Brief descriptive captions:
+--

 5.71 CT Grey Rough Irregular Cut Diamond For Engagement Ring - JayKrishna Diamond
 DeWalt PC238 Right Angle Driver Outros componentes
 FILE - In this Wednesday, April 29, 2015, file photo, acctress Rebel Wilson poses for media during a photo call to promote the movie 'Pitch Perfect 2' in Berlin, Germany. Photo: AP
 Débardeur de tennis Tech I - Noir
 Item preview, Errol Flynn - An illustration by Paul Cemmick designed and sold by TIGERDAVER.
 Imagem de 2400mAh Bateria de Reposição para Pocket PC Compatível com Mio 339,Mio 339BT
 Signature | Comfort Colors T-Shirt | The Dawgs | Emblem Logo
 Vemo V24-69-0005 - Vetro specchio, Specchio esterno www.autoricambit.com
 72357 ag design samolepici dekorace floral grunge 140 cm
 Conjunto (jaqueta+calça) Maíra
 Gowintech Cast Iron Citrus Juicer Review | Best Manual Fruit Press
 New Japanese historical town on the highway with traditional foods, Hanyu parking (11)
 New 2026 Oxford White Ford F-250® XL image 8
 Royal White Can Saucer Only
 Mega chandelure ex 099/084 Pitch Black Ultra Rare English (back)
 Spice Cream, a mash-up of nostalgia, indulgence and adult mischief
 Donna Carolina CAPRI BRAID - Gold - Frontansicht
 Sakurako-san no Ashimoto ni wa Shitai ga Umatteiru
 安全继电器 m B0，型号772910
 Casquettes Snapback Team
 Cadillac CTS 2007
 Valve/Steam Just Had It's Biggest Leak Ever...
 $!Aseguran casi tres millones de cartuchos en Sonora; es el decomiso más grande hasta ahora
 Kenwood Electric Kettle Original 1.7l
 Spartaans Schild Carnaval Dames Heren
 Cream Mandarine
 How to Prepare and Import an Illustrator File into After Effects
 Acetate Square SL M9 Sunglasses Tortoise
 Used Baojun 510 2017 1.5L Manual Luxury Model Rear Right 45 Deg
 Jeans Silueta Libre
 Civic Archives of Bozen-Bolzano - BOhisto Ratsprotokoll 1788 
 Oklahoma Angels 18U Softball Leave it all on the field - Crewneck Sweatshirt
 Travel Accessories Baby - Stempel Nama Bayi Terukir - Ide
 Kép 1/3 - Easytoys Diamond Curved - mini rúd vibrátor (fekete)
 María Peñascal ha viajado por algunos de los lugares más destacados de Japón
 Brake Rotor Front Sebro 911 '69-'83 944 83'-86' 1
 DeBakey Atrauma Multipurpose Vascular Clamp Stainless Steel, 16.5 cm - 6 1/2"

+--

Exercise directions: With the line containing "How to Prepare" as the last one, please set down exactly the lines of the records above from their very first line, and nothing more.

Reply to the task:
 5.71 CT Grey Rough Irregular Cut Diamond For Engagement Ring - JayKrishna Diamond
 DeWalt PC238 Right Angle Driver Outros componentes
 FILE - In this Wednesday, April 29, 2015, file photo, acctress Rebel Wilson poses for media during a photo call to promote the movie 'Pitch Perfect 2' in Berlin, Germany. Photo: AP
 Débardeur de tennis Tech I - Noir
 Item preview, Errol Flynn - An illustration by Paul Cemmick designed and sold by TIGERDAVER.
 Imagem de 2400mAh Bateria de Reposição para Pocket PC Compatível com Mio 339,Mio 339BT
 Signature | Comfort Colors T-Shirt | The Dawgs | Emblem Logo
 Vemo V24-69-0005 - Vetro specchio, Specchio esterno www.autoricambit.com
 72357 ag design samolepici dekorace floral grunge 140 cm
 Conjunto (jaqueta+calça) Maíra
 Gowintech Cast Iron Citrus Juicer Review | Best Manual Fruit Press
 New Japanese historical town on the highway with traditional foods, Hanyu parking (11)
 New 2026 Oxford White Ford F-250® XL image 8
 Royal White Can Saucer Only
 Mega chandelure ex 099/084 Pitch Black Ultra Rare English (back)
 Spice Cream, a mash-up of nostalgia, indulgence and adult mischief
 Donna Carolina CAPRI BRAID - Gold - Frontansicht
 Sakurako-san no Ashimoto ni wa Shitai ga Umatteiru
 安全继电器 m B0，型号772910
 Casquettes Snapback Team
 Cadillac CTS 2007
 Valve/Steam Just Had It's Biggest Leak Ever...
 $!Aseguran casi tres millones de cartuchos en Sonora; es el decomiso más grande hasta ahora
 Kenwood Electric Kettle Original 1.7l
 Spartaans Schild Carnaval Dames Heren
 Cream Mandarine
 How to Prepare and Import an Illustrator File into After Effects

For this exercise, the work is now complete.